I’ve been doing a lot of thinking recently about my contribution to the debate on RCTs. Several weeks after the Evaluation Conclave in Kathmandu, I’m ready to give my two cents. First things first: A little context. RCT = Randomized Control Trial, an impact evaluation method that establishes “rigor” by using control and treatment group(s) to determine whether particular outcomes can be attributed to a particular program or intervention. A quick review of literature or participation in enough conferences, and one can see that RCTs are often presented as the “gold standard” in evaluation for their ability to show statistically significant differences in outcomes while controlling for various influencing factors. Sounds good, right? Certainly many students, practitioners and policymakers are seduced by its empirical and scientific nature. As with any subject in international development, however, it’s not so simple. Michael Quinn Patton’s keynote at the Evaluation Conclave presents a strong argument against the uncritical acceptance of RCTs as the method for showing impact. I urge you to watch it (and read his book on Developmental Evaluation while you’re at it!)
Now some in the evaluation field may think the RCT debate is “stale,” yet the sheer proliferation of donors and implementing organizations commissioning such evaluations proves that this is not the case. In fact, graduate schools across the country are churning out impact evaluators by the dozen. On the one hand, top schools can’t be blamed for teaching skills that are high in demand; their students will surely get jobs, and with high profile organizations at that. But they are producing far too many “development as usual” professionals who are hesitant to engage in critiques about the way development is done and about the way development projects are evaluated. Is evaluation just another manifestation of development being “done to” countries rather than “done with” countries? The trend towards RCTs surely seems to lead to this conclusion. Who are evaluations being produced for? And why? Local governments aren’t the ones begging for RCTs; the donors are asking and implementing organizations are producing! De facto policy can be made pretty quickly with enough money to incentivize it. Is there a time and a place for RCTs? Of course (Read here for a great post about various options for impact evaluations). RCTs in and of themselves are not “evil” as some opponents would suggest—they have strong merits in many cases (though sometimes questionable ethics when it comes to assigning beneficiaries to life changing programs!)

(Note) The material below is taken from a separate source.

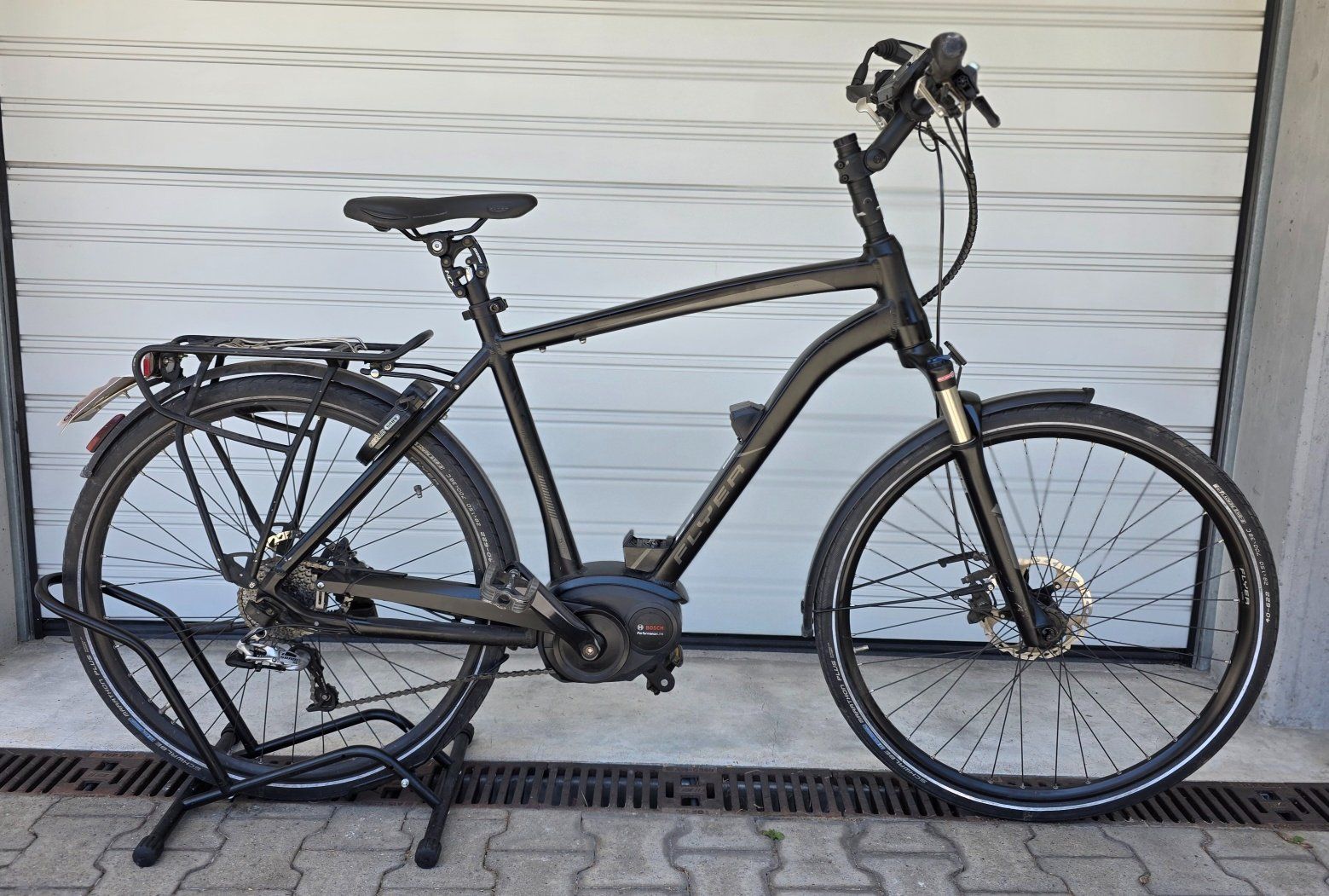 Flyer Biciclette: E-Bike Flyer TS 7.50 HS – Usato da Meggen venduto da Ralca 1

It comes down to balancing accountability with learning and research with evaluation. Donors must make smart investments, and organizations must be accountable for funds they’ve been awarded. But there is too much pressure to take learning out of the equation. Who are the end users of evaluations? What purpose(s) do they serve? We cannot remove context when years of research and experience show that context can make or break a project. If a randomized control trial experiment finds that increased school attendance in Honduras can be attributed to a specific education program, what are the implications? Will we attempt to “scale up” the project based on information that tells us little about why the program worked in a particular place and time? Can we use that evidence to justify a similar project in Cambodia? Tajikistan? Mozambique? I think we can do better in terms of evaluating program impact in context-specific ways that provide useful information for those on the ground. This is particularly important for those who may not find highly technical RCT results to be readily accessible, but who need to understand why programs succeed or fail. After all, if partnering with local governments and local NGOs can lead to more successful program implementation, it can also lead to more successful (and useful) program evaluation. But the evaluations should be designed according to terms agreed to by everyone involved. Given all available options, I’d be interested to see how many times an RCT would be universally selected.
As the blog post title suggests, this is a debate folks, so let me know where you fall in the “continuum” of opinions!